Rübbelberg Macher Bild

Drei Männer, eine Leidenschaft 

Wer Eierlikör zu einem Objekt der Begierde machen will, braucht starke Nerven und einen guten Plan. Der Markenname, er lautet Rübbelberg, ist ein nicht ganz nebensächlicher Bestandteil dieses Plans. Er klingt wie ein alter Vertrauter, als hätte es ihn schon immer gegeben. Ist aber der reinen Phantasie entsprungen, und zwar im Sommer 2018. Obwohl Rübbelberg Eierlikör erst seitdem käuflich zu erwerben war, ist diese Spirituose ein Jahre später Kult. In Berlin, um Berlin herum und im Ausland.

Sebastian Tigges, Christopher Leidinger und Philipp Nagel sind die Gründer der Rübbelberg UG. Die drei Akademiker haben ihre Studienzeit und ersten Berufsjahre überall verbracht, bevor es sie nach Berlin verschlug. Dort ließen sie sich nieder, lernten sich irgendwie irgendwo kennen und langweilten sich irgendwann gemeinsam. Ein Projekt musste her. Da kam die Idee mit dem Eierlikör gerade recht. Selbstverständlich sollte das kein “mee-too”-Sprit sein, sondern ein Likör von ausgesuchter Spitzenqualität. Maßstab waren die selbstgemachten Liköre der Großeltern, welche alle drei in bester Erinnerung hatten. Man wollte dem Eierlikör wieder zu dem Ruhm und Glanz verhelfen, den er seit jeher verdient.

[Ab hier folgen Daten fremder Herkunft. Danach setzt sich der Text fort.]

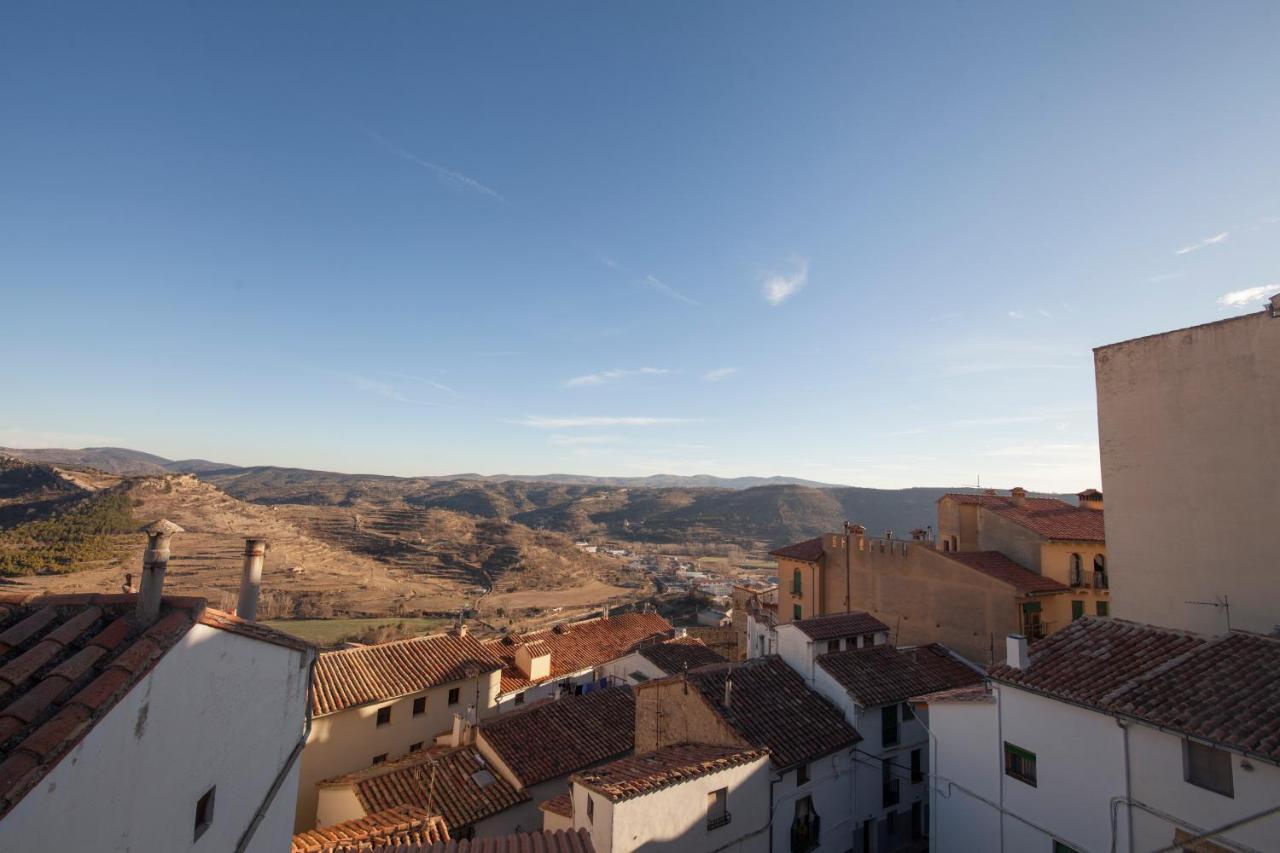 Apartamentos Prades Morella Extérieur photo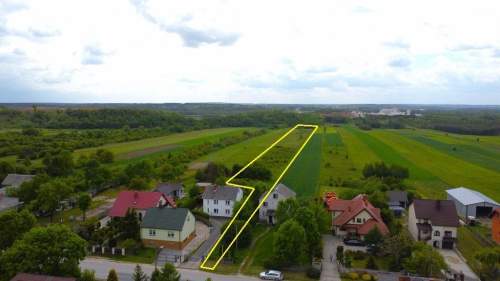 Działka 16 871 m2 Posłowice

Den Rübbelberg Skeptikern ist das Lachen vergangen

Rübbelberg ist nicht weniger als eine Revolution in Sachen Eierlikör. Die Macher achten streng darauf, dass nur nachhaltig, fair und artgerecht produzierte Inhaltsstoffe in 100 % Bio-Qualität eingesetzt werden. In Anlehnung an die klassischen Rezepturen verwendet Rübbelberg echte Bio-Bourbon-Vanille aus Madagaskar – beinahe eine ganze Schote pro Flasche. Durch die natürliche, milde Süße der Vanille kann auf die für Eierlikör übliche hohe Zucker-Dosis verzichtet werden. Für die Frische sorgt ein Hauch von Limette. Und die Eier sind selbstverständlich Bio von einem Bauernhof in Schleswig-Holstein. Schließlich entschied man sich für bodenständigen Kornbrand als alkoholische Basis – nicht Rum, nicht Weinbrand, sondern klare Bio-Qualität aus einer norddeutschen Familienbrennerei.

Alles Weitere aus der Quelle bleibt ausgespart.